Reproduce every line of the material below exactly. No pictures belong in the copy.
-- GIVEN DATA follows --
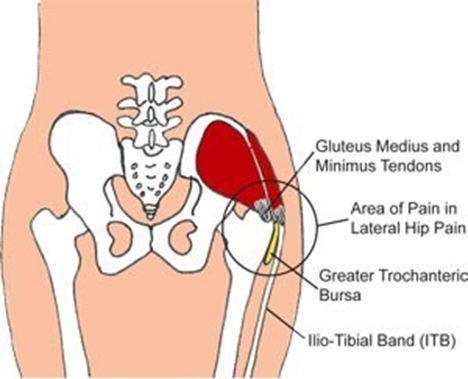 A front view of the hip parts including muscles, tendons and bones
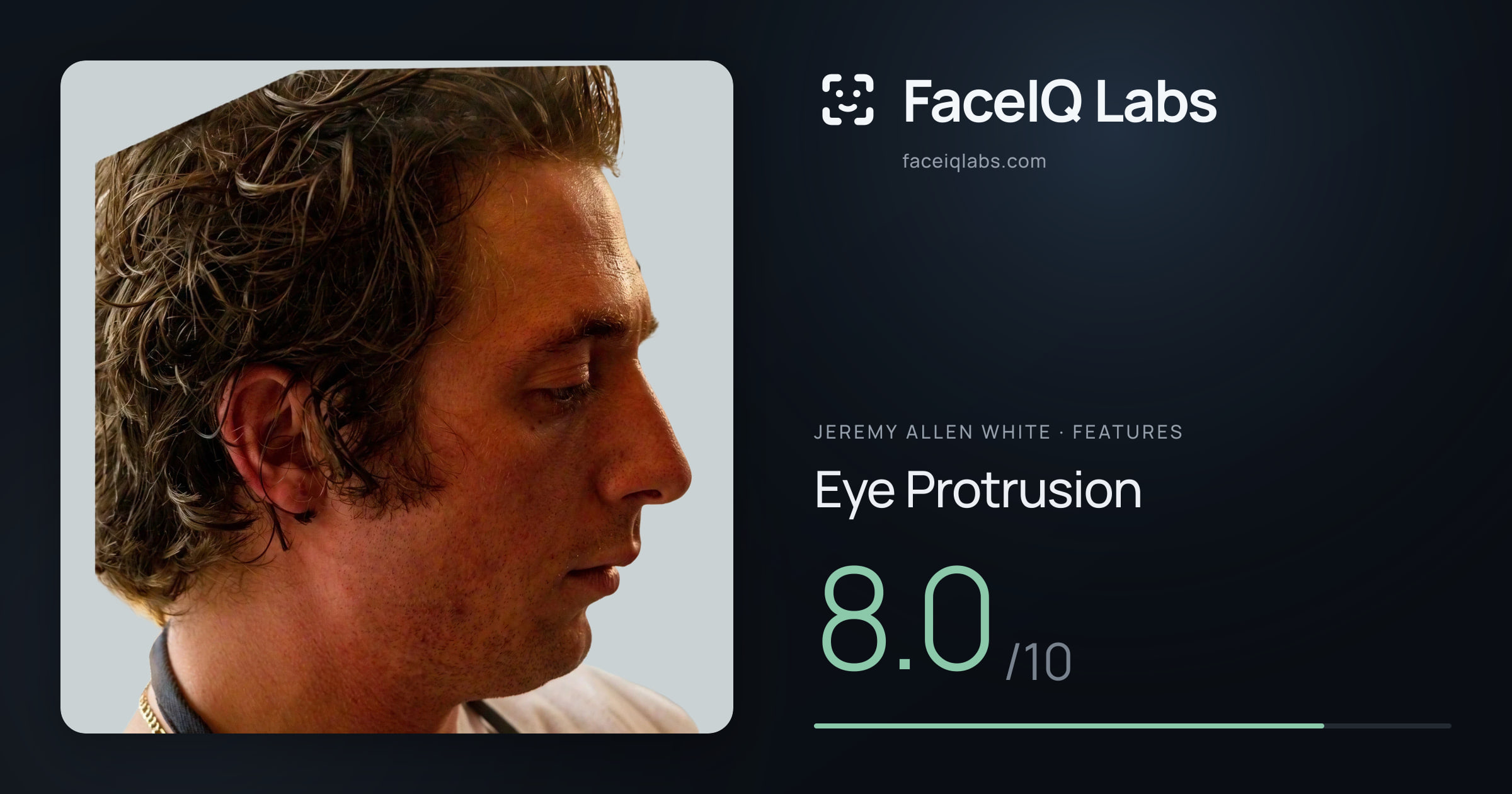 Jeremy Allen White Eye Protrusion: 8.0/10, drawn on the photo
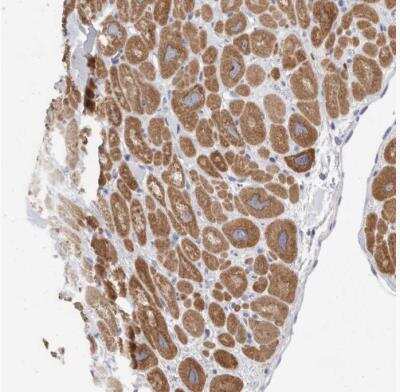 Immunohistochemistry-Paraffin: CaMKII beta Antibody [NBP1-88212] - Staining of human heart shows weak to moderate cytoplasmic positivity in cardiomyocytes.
-- GIVEN DATA concluded --
#### OUTPUT BELOW
 A front view of the hip parts including muscles, tendons and bones
 Jeremy Allen White Eye Protrusion: 8.0/10, drawn on the photo
 Immunohistochemistry-Paraffin: CaMKII beta Antibody [NBP1-88212] - Staining of human heart shows weak to moderate cytoplasmic positivity in cardiomyocytes.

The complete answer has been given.